Darse pointed out some of the psychological competitive advantages that it would have over a player. Polaris does act instantly, which is perhaps a little unnerving to the average player, and it doesn't go on tilt, misclick, and all of that. Darse mentioned that the instanteous actions and the inhuman-ness of bots have been an advantage against top human players in chess, checkers, Othello and other games. But I think top poker pros are more far less likely to be unnerved or intimidated by such things. For as much poker pros do go on tilt, I'm sure they have better emotional control than say, chess players (I don't know much about chess, but I hear the best players are basically maladjusted basketcases). I don't imagine the bot would have more than a 1 BB/100 edge against the best players based on these things alone.

So the bot will simply have to, for the most part, play better than the humans. After watching Phil versus Polaris for almost a hundred hands, my guess is that Polaris made fewer mistakes than Phil. But I don't know how much Phil plays heads-up limit hold'em. I don't think Phil was chosen because anyone considers him the best HU LHE player in the world; they chose him because he's charismatic and entertaining and well-known. Which is fine; I just don't think that if Polaris ends up winning this match that people need to run around screaming that the online sky is falling. And in fact, I am pulling for Phil and Ali to win, just because as someone who makes a living playing HU LHE (and is not a bot) I don't want that paranoia to spread.
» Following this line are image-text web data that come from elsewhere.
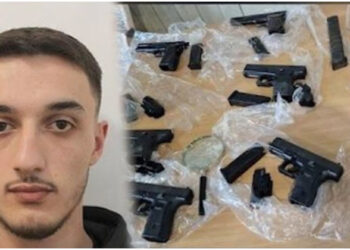 Ekstradimi i Admir Tutaj nga Kolumbia/ Policia jep detajet, ja veprat penale që rëndojnë mbi të riun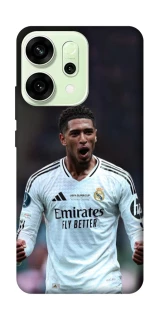 Чехол на Oppo Reno 14 Jude Bellingham V2 фото 1 из 1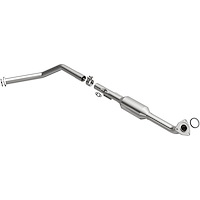 2001-2004 Toyota Sequoia California Grade CARB Compliant Direct-Fit Catalytic Converter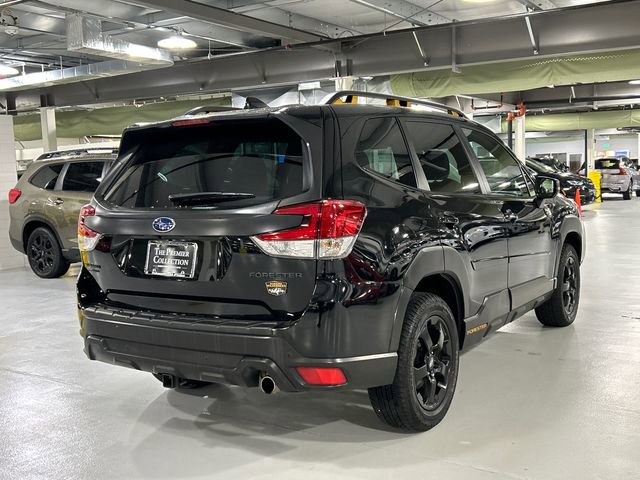 Used 2023 Subaru Forester Wilderness image 2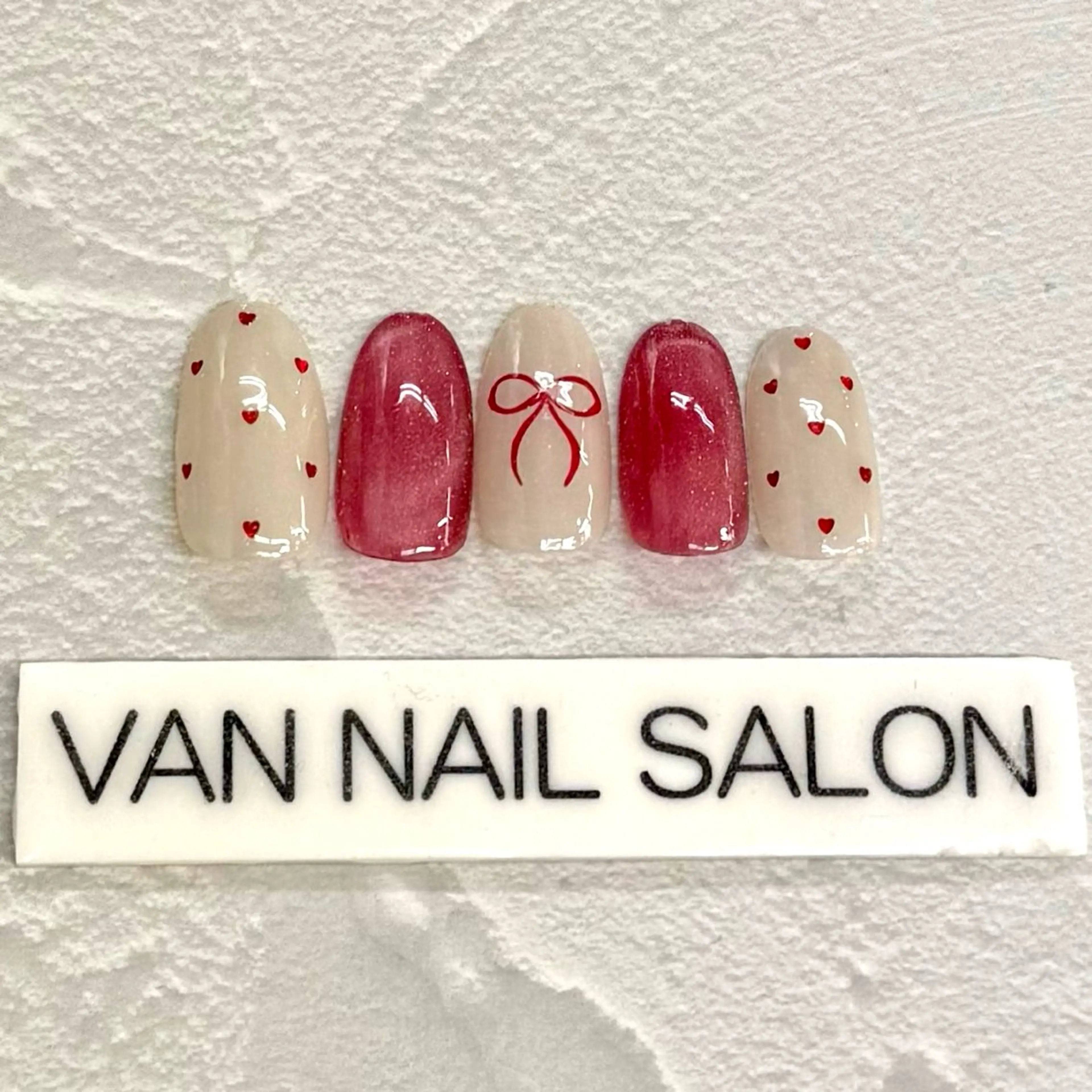 ネイル Van Nail Salonのネイルデザイン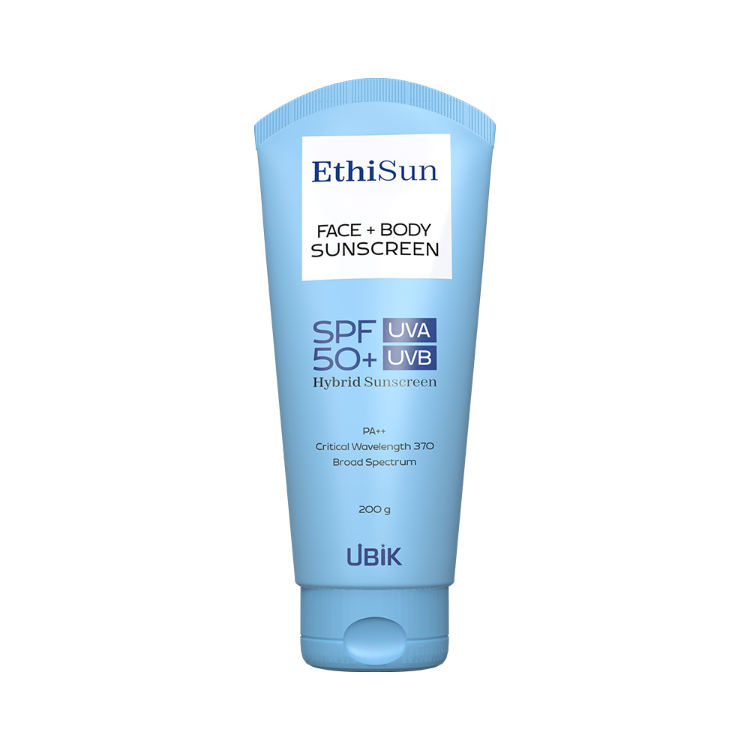 ETHISUN SUNSCREEN 200GM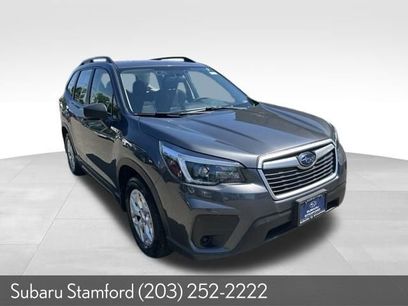 Used 2021 Subaru Forester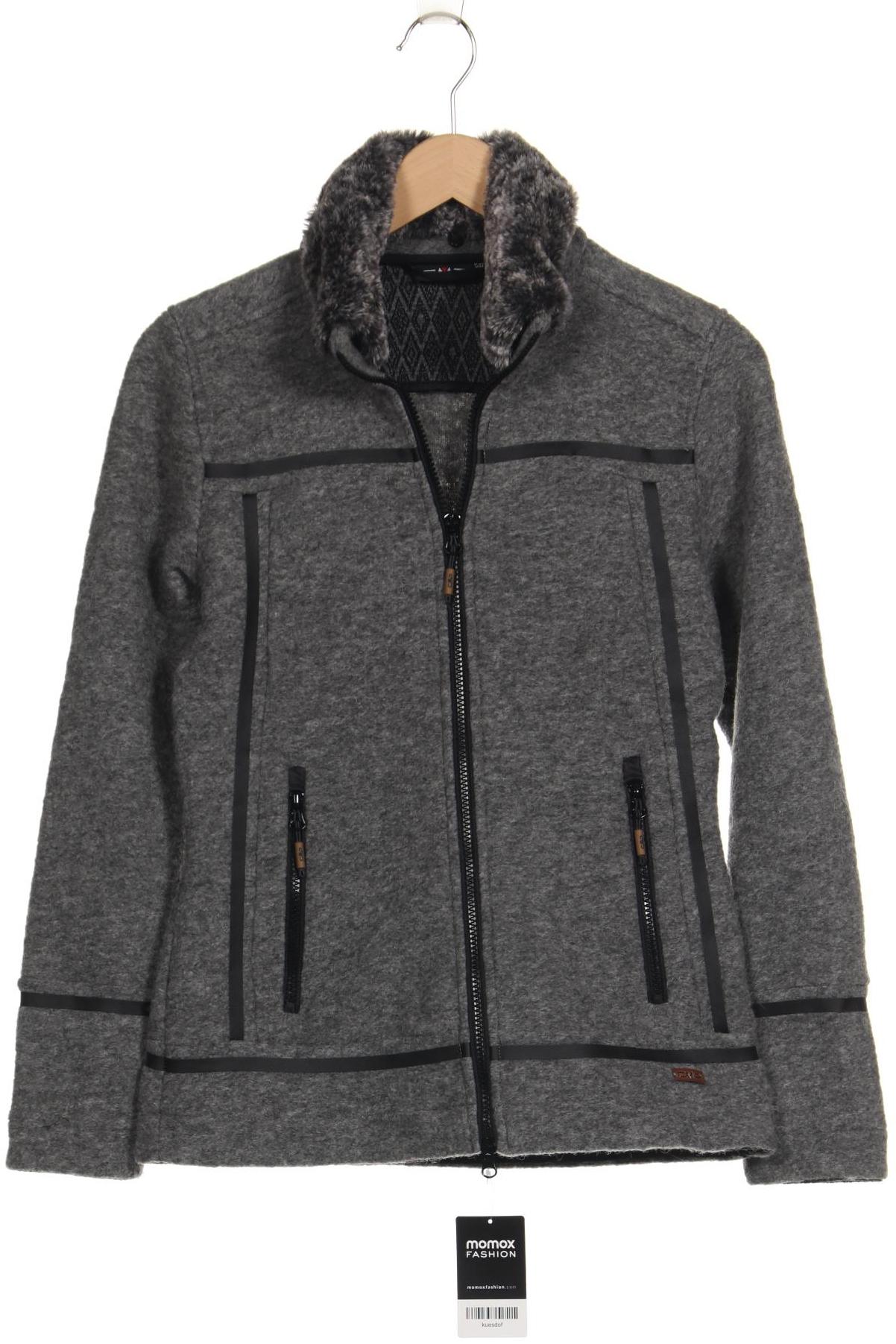

CMP Damen Jacke, grau, Gr. 34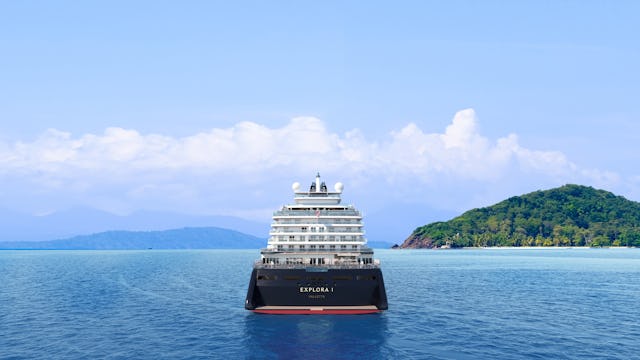 Schiff Kreuzfahrt in der Karibik & Mittelamerika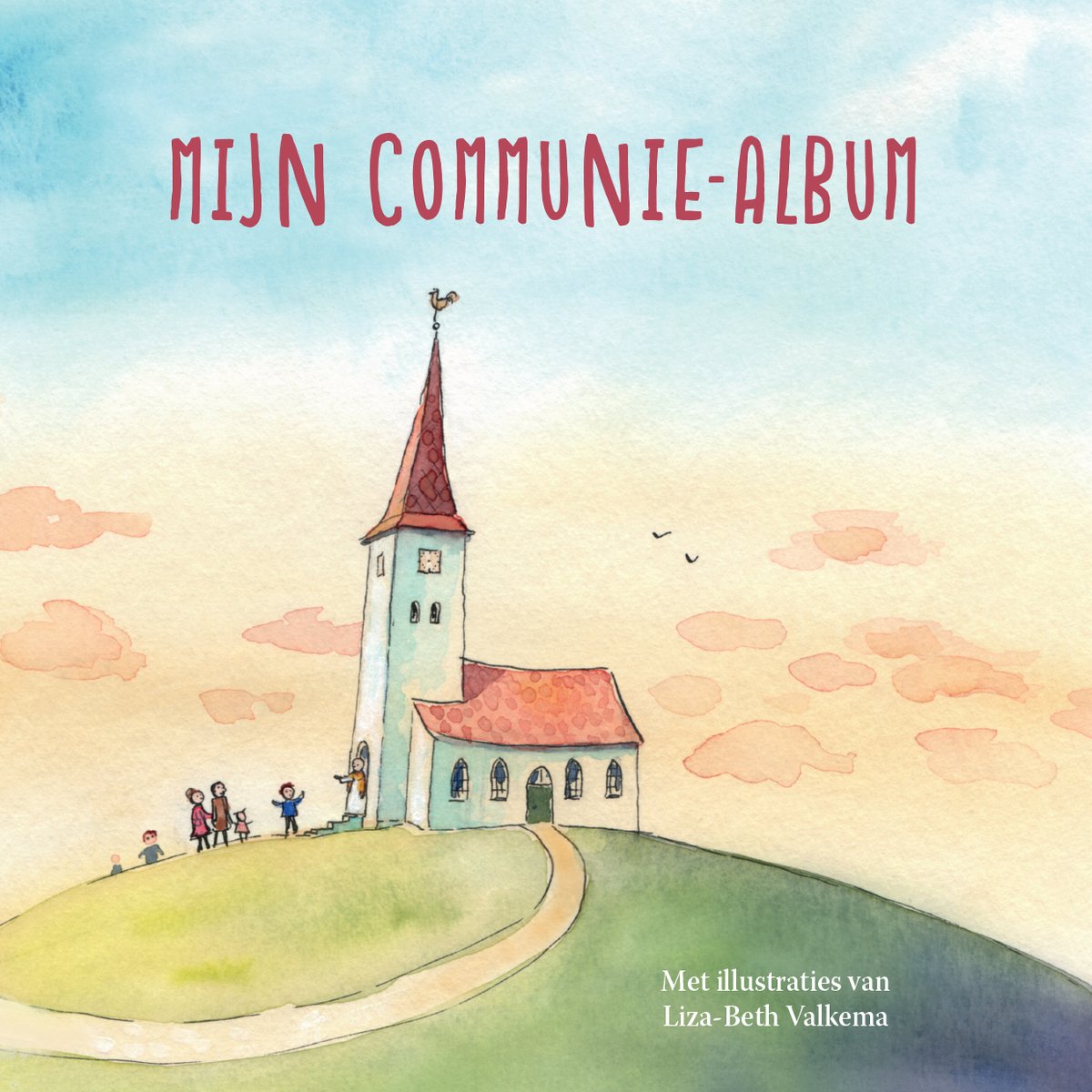 Unbranded sans marque mon album communion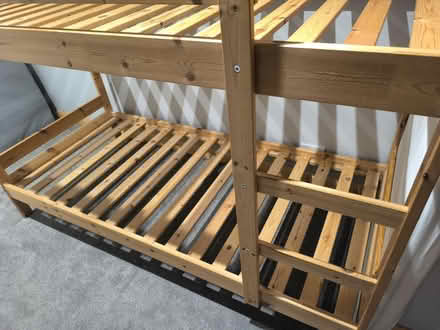 Photo of free Bunk bed (TN2) #3
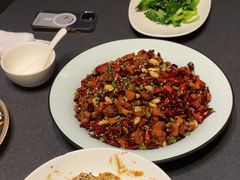 -羲和雅苑•北京烤鸭(平安国际金融中心店)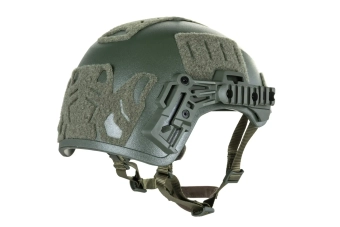 Wosport EX HL-103-E helm replica (standaard versie) Olijf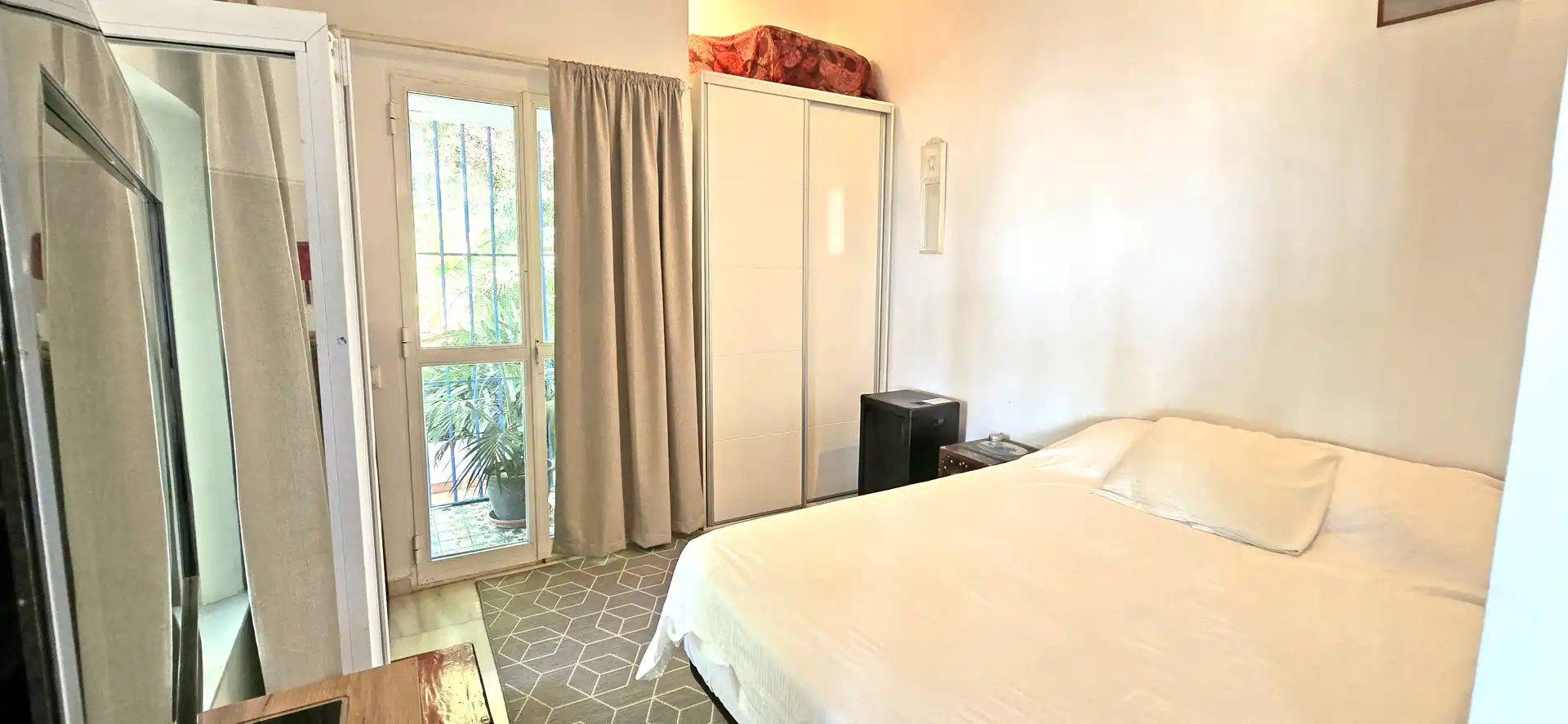 Habitación de Casa o chalet en venta en Torremolinos con Jardín privado, Terraza y Trastero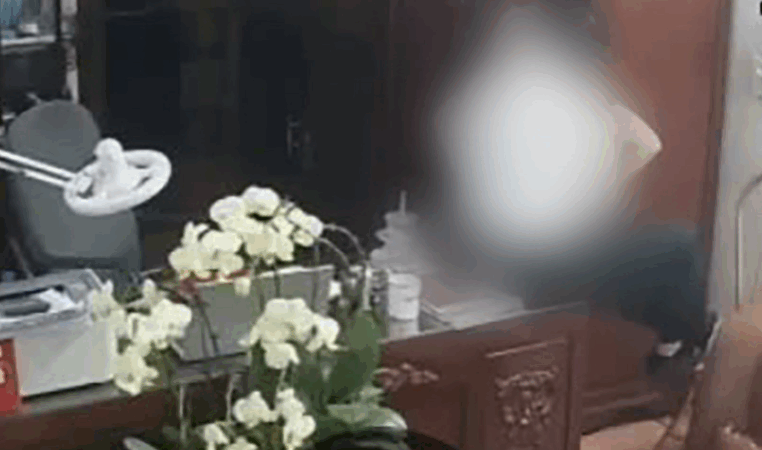 Thôi xong, bu:ộc th:ôi việc Chủ tịch HĐQT Trường THPT Tô Hiến Thành vụ ‘th:ân m:ật’ với phụ nữ trong phòng làm việc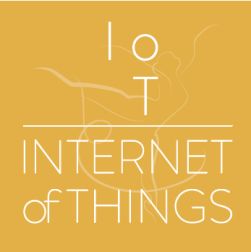 Logo Internet of Things per la promozione di Arte, Cultura e Performance.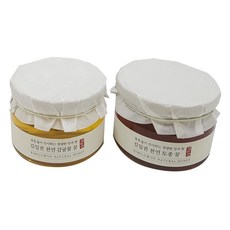 蜂蜜禮盒組, 1組, 柑橘蜂蜜450g+當地蜂蜜450g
Of course, it's totally obvious that one day limit hold'em will be solved by a computer. I have no real good guesses as to when that will happen, or when they will overtake the best humans as the best players in the world (we don't know how close to optimal the best players in the world play). It's also very far from obvious to me that Polaris is the best poker playing computer program out there. It seems very probable that there are people out there with programs which play better but would rather just play online poker and make money than be known as a modern-day Edward Thorp. But in any case, computers will obviously overtake people some time in the next few years. I just like to hope that it won't be a while so I can continue making money off the game.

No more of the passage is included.